▶ _Brief descriptive captions_:
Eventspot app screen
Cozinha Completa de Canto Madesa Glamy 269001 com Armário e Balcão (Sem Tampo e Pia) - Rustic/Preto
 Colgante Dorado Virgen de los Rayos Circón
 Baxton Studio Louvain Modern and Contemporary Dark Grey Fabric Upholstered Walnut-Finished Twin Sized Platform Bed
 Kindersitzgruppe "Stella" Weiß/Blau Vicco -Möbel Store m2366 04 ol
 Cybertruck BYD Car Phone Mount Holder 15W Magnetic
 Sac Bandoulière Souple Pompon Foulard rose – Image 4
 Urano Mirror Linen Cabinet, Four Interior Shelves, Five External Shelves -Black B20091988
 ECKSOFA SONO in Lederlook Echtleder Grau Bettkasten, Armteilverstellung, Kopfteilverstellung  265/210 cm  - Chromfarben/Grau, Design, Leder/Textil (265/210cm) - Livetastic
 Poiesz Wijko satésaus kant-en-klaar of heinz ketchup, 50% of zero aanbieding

▶ _Exercise prompt_: Word for word, write out all of the entries.

▶ _Response box_:
Eventspot app screen
Cozinha Completa de Canto Madesa Glamy 269001 com Armário e Balcão (Sem Tampo e Pia) - Rustic/Preto
 Colgante Dorado Virgen de los Rayos Circón
 Baxton Studio Louvain Modern and Contemporary Dark Grey Fabric Upholstered Walnut-Finished Twin Sized Platform Bed
 Kindersitzgruppe "Stella" Weiß/Blau Vicco -Möbel Store m2366 04 ol
 Cybertruck BYD Car Phone Mount Holder 15W Magnetic
 Sac Bandoulière Souple Pompon Foulard rose – Image 4
 Urano Mirror Linen Cabinet, Four Interior Shelves, Five External Shelves -Black B20091988
 ECKSOFA SONO in Lederlook Echtleder Grau Bettkasten, Armteilverstellung, Kopfteilverstellung  265/210 cm  - Chromfarben/Grau, Design, Leder/Textil (265/210cm) - Livetastic
 Poiesz Wijko satésaus kant-en-klaar of heinz ketchup, 50% of zero aanbieding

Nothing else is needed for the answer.